Debugging business processes
For GitHub, the world’s largest and most advanced developer collaboration platform serving more than 65 million users, provisioning infrastructure to support application development, coordinating microservices across various cloud environments, and keeping all the connections between them safe and secure is a monumental task.
The company’s homegrown secrets management system required manual custom configurations and code to connect hundreds of apps and services, all while managing the keys and secrets by hand. Any changes to the static secrets protecting the company’s services and applications meant changing and updating that secret in any of the myriad of systems that connected to it.
Other core activities like load balancing servers were similarly and exceptionally manual — and time-consuming — endeavors that forced the team to create software that wrote out static configurations for every host available at a specific moment. If the team wanted to add service capacity or a new service, in some cases they first had to add a new configuration to a given load balancer, which could negatively impact teams across the organization.
“In the past we’d used a range of homegrown systems for everything from secrets management to load balancing that required a ton of custom integration and custom coding across hundreds of services and thousands of nodes,” says Scott Sanders, GitHub’s vice president of infrastructure. “But as we started adding more applications, more nodes, and more users, that model became untenable. We needed a more efficient, standard, and automated way to support a dynamic and growing user base.”

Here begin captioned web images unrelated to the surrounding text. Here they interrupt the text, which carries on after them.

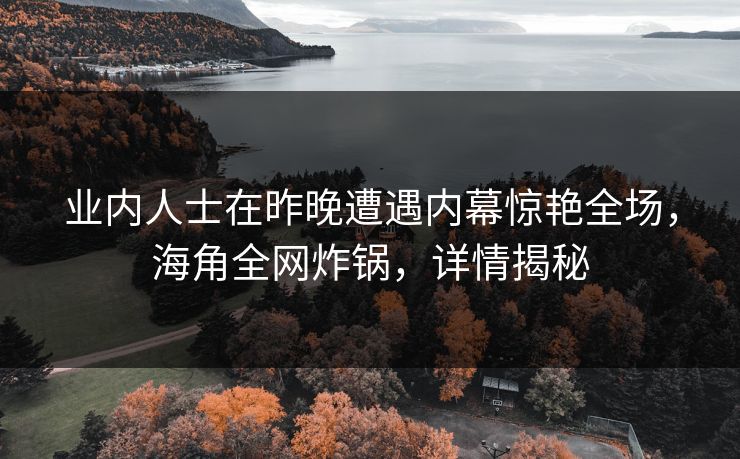 业内人士在昨晚遭遇内幕惊艳全场,海角全网炸锅,详情揭秘
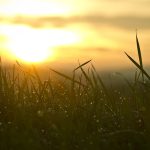 Grass, sunrise, sun — Mood Match: 150 Selfie Captions for Every Emotion
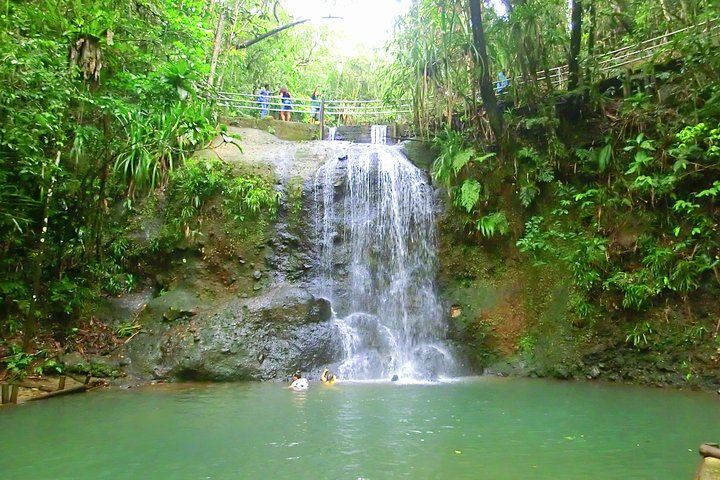 Private Suva Nature and Waterfall Tour - Image 5
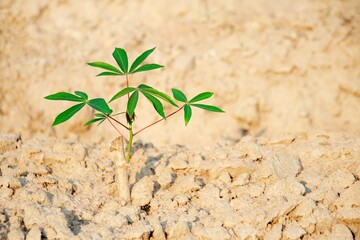 Young plant of cassava tree are growing.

Scaling backend infrastructure to meet the demands of a growing user base
Eliminating time-consuming manual infrastructure provisioning, service matching, and secrets management
Enabling developers to stand up infrastructure themselves as needed
Set it and forget it
As GitHub continued to make strategic infrastructure investments to pair with the platform’s growth, there was an opportunity to evolve its previous tech stack with something more flexible and agile. Focused on providing a first-class developer experience, the shift would enable a more agnostic solution with support across multiple clouds and platforms.

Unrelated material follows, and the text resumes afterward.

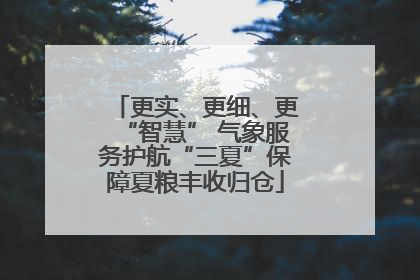 更实、更细、更“智慧” 气象服务护航“三夏”保障夏粮丰收归仓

GitHub adopted HashiCorp Terraform, Consul, and Vault because the team wanted to run best-of-breed open source tools that could help the company scale its backend operations to meet the growing demands of its internal engineering teams and the customers that depend on GitHub’s products. GitHub wanted to worry about effectively scaling their product, not spending time on problems that are already solved within the industry.
In particular, the company wanted established, proven tools that featured a range of automation capabilities and could work seamlessly with workloads across Azure, AWS, and Google Cloud.
“We knew we absolutely wanted infrastructure, discovery, and secrets management tools that could basically run themselves, with robust automation features and easy set up and configuration,” Sanders explains. “HashiCorp solutions are intuitive, easy to use, and just continue to work on their own after the initial set up, which frees us to focus on higher value strategies and activities.”
According to Aaron Brown, one of the company’s infrastructure software engineers, GitHub engineers use Terraform modules to make managing both AWS and Azure cloud resources more approachable and simpler for developers. To do this, Terraform provides workflows and configuration primitives that match up with how the team manages its data center and AWS resources. Now, when the team stands up infrastructure in its various clouds and its own internal data centers with bare metal and virtualized hosts, team members have the option to own and run their cloud resources or operate in environments managed by the infrastructure team.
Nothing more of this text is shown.